Problem:
Pictures don't belong in the copy; print all the records exactly.
══ Dataset extract
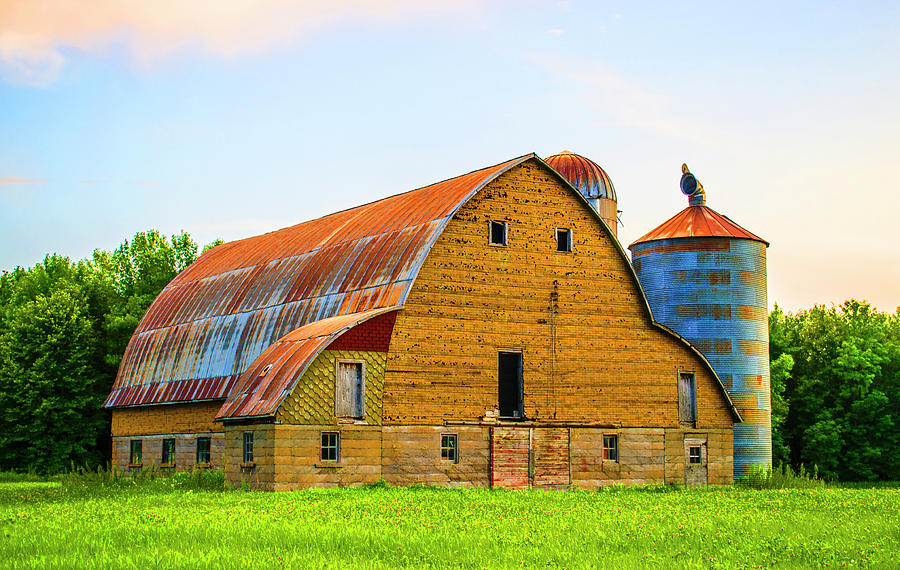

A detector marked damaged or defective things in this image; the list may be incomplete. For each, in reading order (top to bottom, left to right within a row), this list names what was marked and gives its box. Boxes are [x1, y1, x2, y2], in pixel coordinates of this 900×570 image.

rusty corrugated roof [103, 153, 536, 408]
rusty corrugated roof [624, 204, 768, 248]
rusty corrugated roof [214, 306, 398, 418]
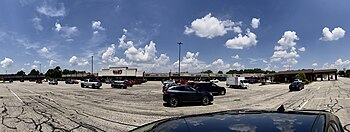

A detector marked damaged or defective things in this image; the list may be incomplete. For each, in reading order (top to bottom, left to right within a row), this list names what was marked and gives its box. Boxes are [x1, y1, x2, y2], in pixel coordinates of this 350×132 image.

cracked asphalt [0, 77, 348, 131]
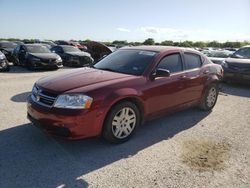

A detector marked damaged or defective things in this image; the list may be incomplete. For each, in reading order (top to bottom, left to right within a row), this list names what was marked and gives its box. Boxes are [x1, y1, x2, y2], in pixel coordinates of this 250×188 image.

damaged vehicle [0, 41, 17, 61]
damaged vehicle [12, 43, 63, 70]
damaged vehicle [51, 45, 94, 67]
damaged vehicle [222, 45, 250, 83]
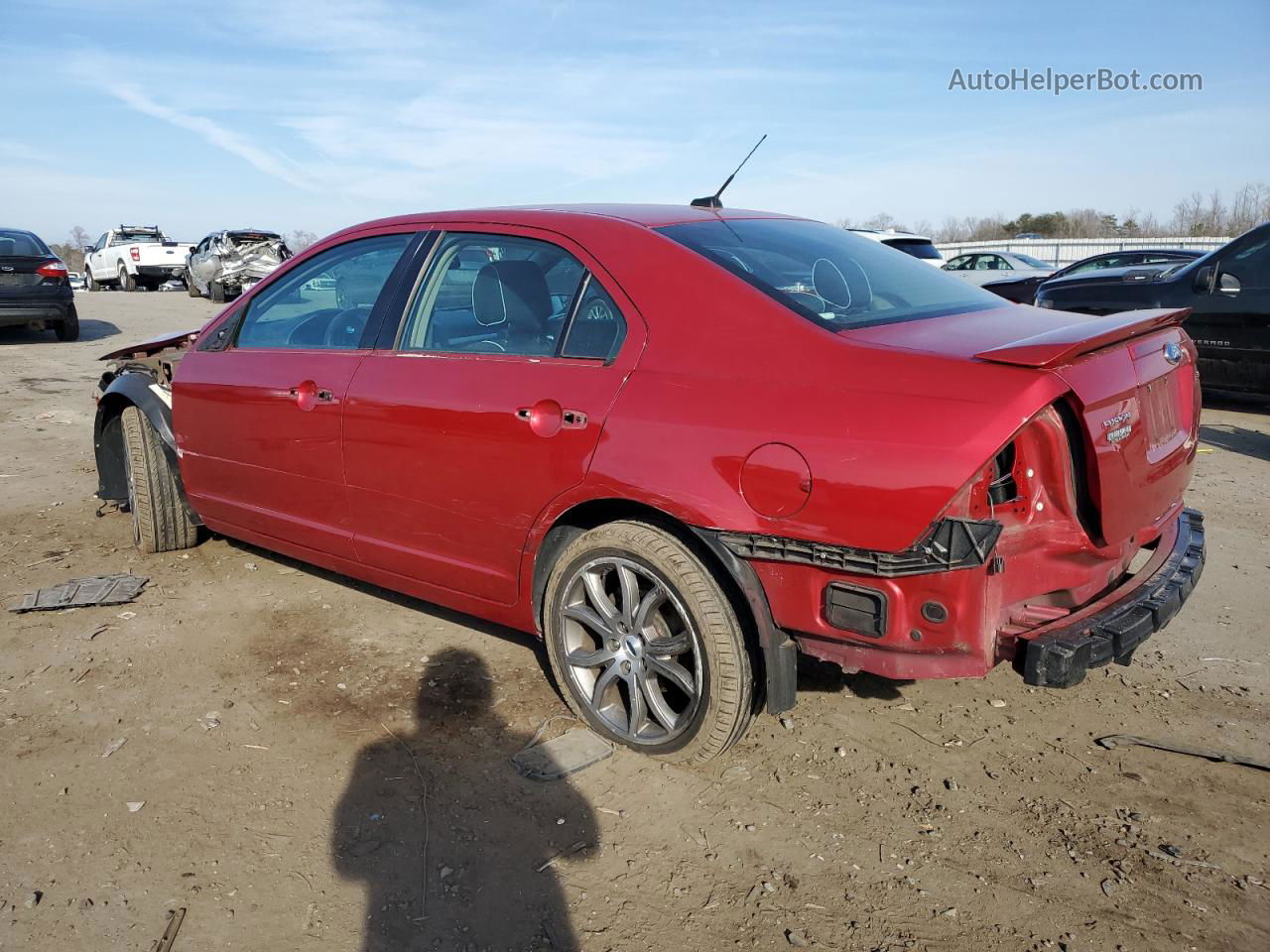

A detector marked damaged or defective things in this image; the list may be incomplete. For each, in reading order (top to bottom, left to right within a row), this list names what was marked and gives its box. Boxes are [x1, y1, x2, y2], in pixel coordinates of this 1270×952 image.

wrecked white car [185, 229, 291, 301]
rear wheel arch damage [95, 378, 202, 531]
damaged red car [93, 205, 1204, 767]
exposed wheel arch [525, 502, 792, 710]
rear wheel arch damage [531, 500, 797, 721]
crushed rear bumper [1021, 510, 1199, 690]
missing front bumper [1016, 510, 1204, 690]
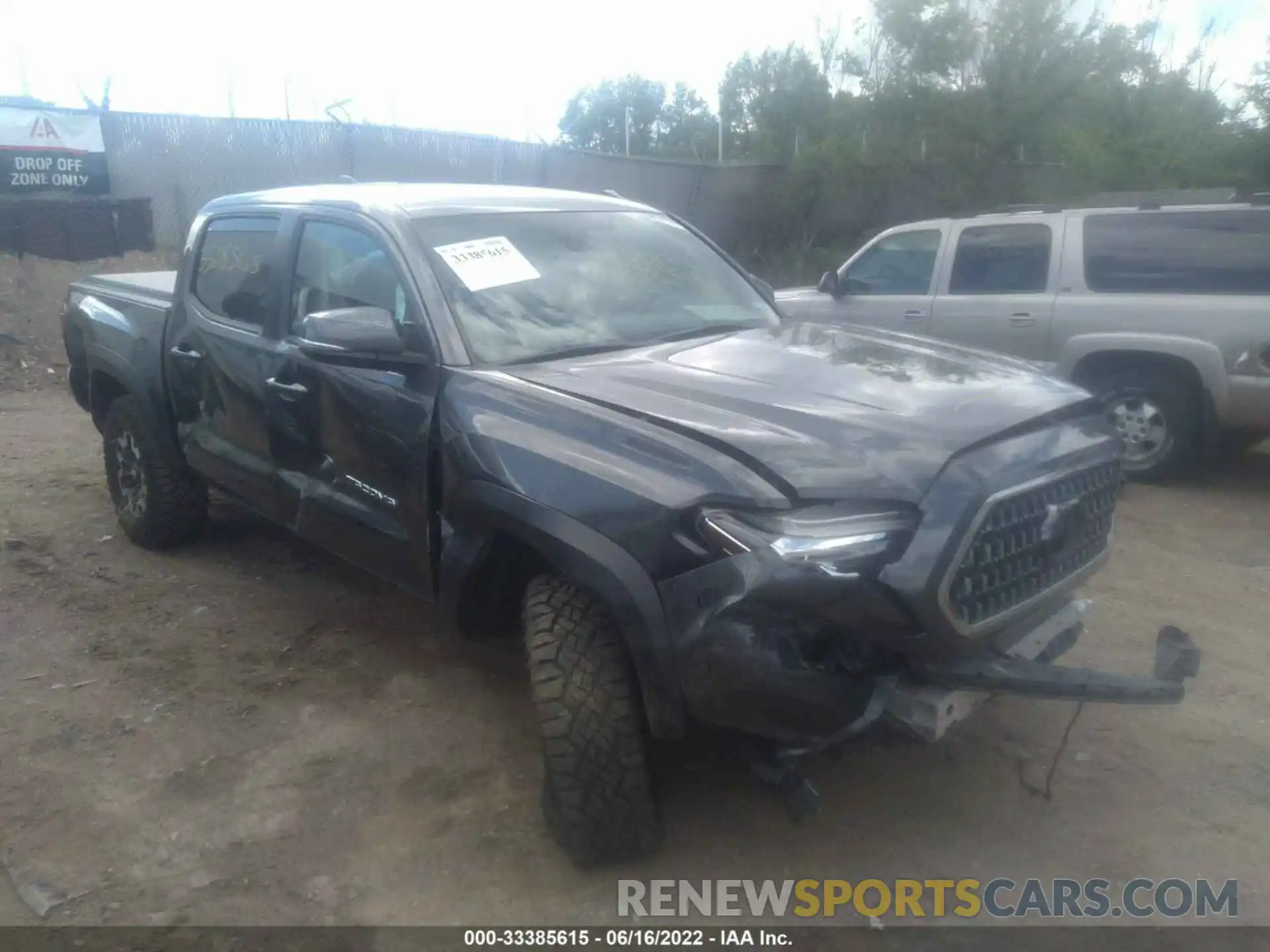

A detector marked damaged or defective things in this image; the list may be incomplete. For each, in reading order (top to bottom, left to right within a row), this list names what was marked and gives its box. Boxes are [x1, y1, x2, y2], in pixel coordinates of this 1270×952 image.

dented driver door [268, 216, 442, 596]
damaged gray pickup truck [62, 182, 1199, 868]
crumpled front hood [505, 322, 1102, 502]
broken headlight assembly [700, 502, 919, 578]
════
Answer for this exercise:
A detector marked damaged or defective things in this image; the list may be incomplete. For each, in reading order (top to bottom, left to right within a row), this list names what was marked and gives its box. Boxes are [x1, y1, x2, y2], in pixel coordinates of this 900×570 image.

rusty corrugated roof [103, 153, 536, 408]
rusty corrugated roof [624, 204, 768, 248]
rusty corrugated roof [214, 306, 398, 418]

A detector marked damaged or defective things in this image; the list may be incomplete. For each, in reading order (top to bottom, left to right within a row), this list names what was marked and gives its box. Boxes are [x1, y1, x2, y2], in pixel coordinates of this 350×132 image.

cracked asphalt [0, 77, 348, 131]

A detector marked damaged or defective things in this image; the list may be incomplete. For each, in reading order (top to bottom, left to right within a row), this list names what was marked and gives its box. Boxes are [x1, y1, x2, y2], in pixel coordinates of this 250×188 image.

damaged vehicle [0, 41, 17, 61]
damaged vehicle [12, 43, 63, 70]
damaged vehicle [51, 45, 94, 67]
damaged vehicle [222, 45, 250, 83]

A detector marked damaged or defective things in this image; the list may be incomplete. For each, in reading order (top to bottom, left to right within a row), this list names what was marked and gives its box. Boxes are [x1, y1, x2, y2], in pixel coordinates of this 1270×952 image.

wrecked white car [185, 229, 291, 301]
rear wheel arch damage [95, 378, 202, 531]
damaged red car [93, 205, 1204, 767]
exposed wheel arch [525, 502, 792, 710]
rear wheel arch damage [531, 500, 797, 721]
crushed rear bumper [1021, 510, 1199, 690]
missing front bumper [1016, 510, 1204, 690]

A detector marked damaged or defective things in this image; the list may be incomplete. For each, in reading order (top to bottom, left to right within a row), this list names what was marked and gives its box. Boxes are [x1, y1, x2, y2], in pixel coordinates of this 1270×952 image.

dented driver door [268, 216, 442, 596]
damaged gray pickup truck [62, 182, 1199, 868]
crumpled front hood [505, 322, 1102, 502]
broken headlight assembly [700, 502, 919, 578]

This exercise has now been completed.